Yeah, I can override some of these things, but I prefer the idea of auto in general... I got used to my Priuses being “set and forget” most of the time, automatically varying the air temp and fan speed to keep the car near a set point (and try to be economical about it).

Is this anyone else’s experience, or should I be seeking service?


----------



## Drago (Jun 3, 2017)

I’ve seen some anomalies but nowhere as bad as you... and generally comparable to other cars I’ve owned with auto climate. 
Most of the time it’s been working fine , once in a while it will keep the fan speed too high when it should have turned it down like you said. And sometimes it seems like I need to adjust the temp further down than normal.

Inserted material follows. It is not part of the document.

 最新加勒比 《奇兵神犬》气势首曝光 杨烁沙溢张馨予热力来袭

But again, this happens rarely, most of the time it’s been set and forget


----------



## evannole (Jun 18, 2018)

You might want to check with Service. I have never felt cold air blowing on my feet in my Model 3 without having explicitly asked it to do just that. I do occasionally bring the temperature down a few degrees when I have suddenly gotten hot before getting into the car - after hauling a suitcase down to the car in a suit, for instance- but that's just my attempt to cool things down more quickly than normal, as it does seem to spur the fan to run faster. Normally, however, I find that the system is very much set and forget. I do keep the temperature set a couple of degrees lower (68 or 69 F) than I did in my old car (70 or 72 F), but in any event I find am comfortable in it and don't fiddle with the settings much at all.


----------



## ER1C8 (Jan 1, 2018)

You might want to check with service. I remember someone else complaining about strange auto climate behavior and the problem was a bad temp sensor. I specifically remember him saying there was always cold air blowing on his feet.


----------



## zosoisnotaword (Aug 28, 2017)

rickster said:


> Is this anyone else's experience, or should I be seeking service?

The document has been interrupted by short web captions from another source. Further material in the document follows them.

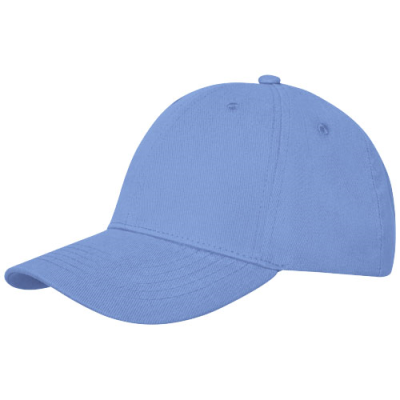 DAVIS 6 PANEL CAP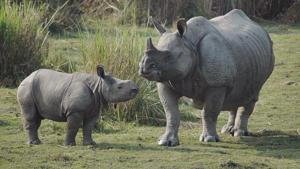 Every year as floods ravage Kaziranga, the park’s animals including elephants, rhinos, and tigers cross the nearby national highway to find safety in the hills of adjoining Karbi Anglong district.(HT Archive/For Representational Purposes Only) Every year as floods ravage Kaziranga, the park’s animals including elephants, rhinos, and tigers cross the nearby national highway to find safety in the hills of adjoining Karbi Anglong district.(HT Archive/For Representational Purposes Only)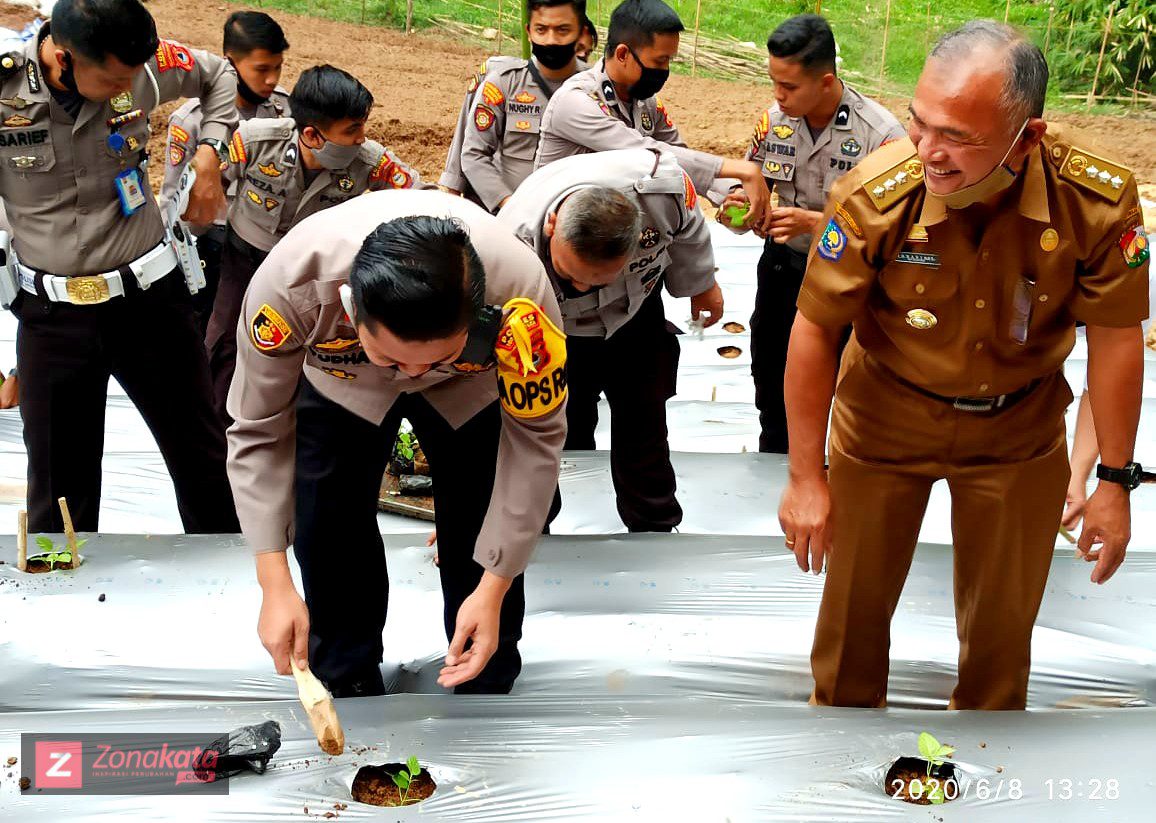 Ditengah Pandemi Covid-19, Polres Toraja Utara Tanam 5000 Bibit Kacang Tanah dan Cabai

Yes. Your temperature and humidity sensor is not communicating. It's probably a loose connection like mine was. You can fix it yourself, but I would have a mobile service tech come do it for you in case the THD is defective. See below.

https://teslaownersonline.com/threads/auto-and-remote-climate-control-bug-floor-vent-hurricane.7987/


----------



## rickster (Aug 8, 2018)

Thanks for all the tips — sounds like a service appointment is in my future.

This leads to a secondary question (new owner, sorry): if this is an that mobile service can deal with, how do I schedule mobile service? All I see in my Tesla account is for picking times at a service center. 

Also, another question I meant to include in the initial post: is there a way (even a hidden one) to customize which climate functions the “auto” mode is free to toggle? One thing I liked about my Priuses is that the “service only” controls accessible through secret button sequences or ODB connections included such options. (Sometimes hilariously abbreviated on the display, like “AUTO BLOW UP”.) I have some frequent passengers who really hate the idea that the A/C should ever recirculate air.


----------



## rickster (Aug 8, 2018)

Mobile Service came to my workplace, and within half an hour determined that indeed it is a problem with the interior temp sensor. He didn’t have the part on hand, but can install it in the field, so we’ll be rescheduling sometime in the next couple of days once they’re sure they can arrange to get the part (already confirmed to be in a Fremont warehouse) to mobile service.


----------



## rickster (Aug 8, 2018)

Much-belated followup...

I had a mobile service visit at my home in early October, in which they replaced the temp sensor. Some quick testing shows it might have fixed the issue, but living with it for the next couple of days made clear there was still a problem. With the car on, you could ride the temperature setting up or down and watch it change the vents appropriately — high vents for cooling, low vents for heating. But whenever the car woke up after being parked for awhile it’d tend to do something crazy — medium-fan cooling through foot vents only when heavy cooling is called for, or full-fan cooling when the cabin temp is close to ambient temp.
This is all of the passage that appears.